Excerpted records section start

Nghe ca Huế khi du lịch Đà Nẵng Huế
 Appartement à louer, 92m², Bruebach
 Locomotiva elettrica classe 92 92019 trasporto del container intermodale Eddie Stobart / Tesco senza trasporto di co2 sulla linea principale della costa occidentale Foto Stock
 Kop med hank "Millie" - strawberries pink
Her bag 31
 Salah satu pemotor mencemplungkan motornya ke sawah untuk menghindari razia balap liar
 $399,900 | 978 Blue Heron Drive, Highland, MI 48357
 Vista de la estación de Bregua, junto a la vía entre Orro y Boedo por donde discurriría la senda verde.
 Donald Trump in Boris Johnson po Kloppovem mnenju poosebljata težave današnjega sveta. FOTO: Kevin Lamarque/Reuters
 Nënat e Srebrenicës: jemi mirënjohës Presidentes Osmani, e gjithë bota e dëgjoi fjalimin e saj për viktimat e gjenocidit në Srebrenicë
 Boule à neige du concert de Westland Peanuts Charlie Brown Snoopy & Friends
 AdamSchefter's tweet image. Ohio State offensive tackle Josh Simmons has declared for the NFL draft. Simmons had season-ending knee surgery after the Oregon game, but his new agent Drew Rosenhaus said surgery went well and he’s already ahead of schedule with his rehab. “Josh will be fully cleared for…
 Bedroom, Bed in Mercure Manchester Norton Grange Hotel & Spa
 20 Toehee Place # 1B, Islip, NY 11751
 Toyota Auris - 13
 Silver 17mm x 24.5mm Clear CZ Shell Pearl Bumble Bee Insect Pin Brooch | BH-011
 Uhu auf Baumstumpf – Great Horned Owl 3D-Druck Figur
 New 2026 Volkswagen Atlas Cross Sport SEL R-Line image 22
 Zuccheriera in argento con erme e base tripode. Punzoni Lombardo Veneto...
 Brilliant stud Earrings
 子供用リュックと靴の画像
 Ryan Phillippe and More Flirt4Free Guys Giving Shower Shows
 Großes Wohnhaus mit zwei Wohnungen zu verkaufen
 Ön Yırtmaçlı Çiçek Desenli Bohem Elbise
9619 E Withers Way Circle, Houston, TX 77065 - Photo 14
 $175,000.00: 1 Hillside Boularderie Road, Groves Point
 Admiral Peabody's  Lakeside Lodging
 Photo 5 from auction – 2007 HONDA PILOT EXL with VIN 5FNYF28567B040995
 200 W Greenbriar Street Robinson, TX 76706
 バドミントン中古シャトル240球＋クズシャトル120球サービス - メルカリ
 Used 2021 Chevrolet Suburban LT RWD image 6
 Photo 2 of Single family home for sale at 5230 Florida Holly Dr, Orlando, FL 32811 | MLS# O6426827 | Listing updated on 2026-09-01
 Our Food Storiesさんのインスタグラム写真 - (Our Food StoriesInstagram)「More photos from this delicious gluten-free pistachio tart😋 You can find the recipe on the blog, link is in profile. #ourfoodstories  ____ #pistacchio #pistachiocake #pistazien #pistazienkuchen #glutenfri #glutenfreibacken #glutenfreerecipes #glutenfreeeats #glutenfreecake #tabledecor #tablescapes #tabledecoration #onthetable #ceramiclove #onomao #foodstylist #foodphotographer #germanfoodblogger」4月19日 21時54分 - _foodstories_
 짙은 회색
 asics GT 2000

Excerpted records section end

**Task requirements**
Copy each line of the data above without altering a single character.

**Result for this exercise**
Nghe ca Huế khi du lịch Đà Nẵng Huế
 Appartement à louer, 92m², Bruebach
 Locomotiva elettrica classe 92 92019 trasporto del container intermodale Eddie Stobart / Tesco senza trasporto di co2 sulla linea principale della costa occidentale Foto Stock
 Kop med hank "Millie" - strawberries pink
Her bag 31
 Salah satu pemotor mencemplungkan motornya ke sawah untuk menghindari razia balap liar
 $399,900 | 978 Blue Heron Drive, Highland, MI 48357
 Vista de la estación de Bregua, junto a la vía entre Orro y Boedo por donde discurriría la senda verde.
 Donald Trump in Boris Johnson po Kloppovem mnenju poosebljata težave današnjega sveta. FOTO: Kevin Lamarque/Reuters
 Nënat e Srebrenicës: jemi mirënjohës Presidentes Osmani, e gjithë bota e dëgjoi fjalimin e saj për viktimat e gjenocidit në Srebrenicë
 Boule à neige du concert de Westland Peanuts Charlie Brown Snoopy & Friends
 AdamSchefter's tweet image. Ohio State offensive tackle Josh Simmons has declared for the NFL draft. Simmons had season-ending knee surgery after the Oregon game, but his new agent Drew Rosenhaus said surgery went well and he’s already ahead of schedule with his rehab. “Josh will be fully cleared for…
 Bedroom, Bed in Mercure Manchester Norton Grange Hotel & Spa
 20 Toehee Place # 1B, Islip, NY 11751
 Toyota Auris - 13
 Silver 17mm x 24.5mm Clear CZ Shell Pearl Bumble Bee Insect Pin Brooch | BH-011
 Uhu auf Baumstumpf – Great Horned Owl 3D-Druck Figur
 New 2026 Volkswagen Atlas Cross Sport SEL R-Line image 22
 Zuccheriera in argento con erme e base tripode. Punzoni Lombardo Veneto...
 Brilliant stud Earrings
 子供用リュックと靴の画像
 Ryan Phillippe and More Flirt4Free Guys Giving Shower Shows
 Großes Wohnhaus mit zwei Wohnungen zu verkaufen
 Ön Yırtmaçlı Çiçek Desenli Bohem Elbise
9619 E Withers Way Circle, Houston, TX 77065 - Photo 14
 $175,000.00: 1 Hillside Boularderie Road, Groves Point
 Admiral Peabody's  Lakeside Lodging
 Photo 5 from auction – 2007 HONDA PILOT EXL with VIN 5FNYF28567B040995
 200 W Greenbriar Street Robinson, TX 76706
 バドミントン中古シャトル240球＋クズシャトル120球サービス - メルカリ
 Used 2021 Chevrolet Suburban LT RWD image 6
 Photo 2 of Single family home for sale at 5230 Florida Holly Dr, Orlando, FL 32811 | MLS# O6426827 | Listing updated on 2026-09-01
 Our Food Storiesさんのインスタグラム写真 - (Our Food StoriesInstagram)「More photos from this delicious gluten-free pistachio tart😋 You can find the recipe on the blog, link is in profile. #ourfoodstories  ____ #pistacchio #pistachiocake #pistazien #pistazienkuchen #glutenfri #glutenfreibacken #glutenfreerecipes #glutenfreeeats #glutenfreecake #tabledecor #tablescapes #tabledecoration #onthetable #ceramiclove #onomao #foodstylist #foodphotographer #germanfoodblogger」4月19日 21時54分 - _foodstories_
 짙은 회색
 asics GT 2000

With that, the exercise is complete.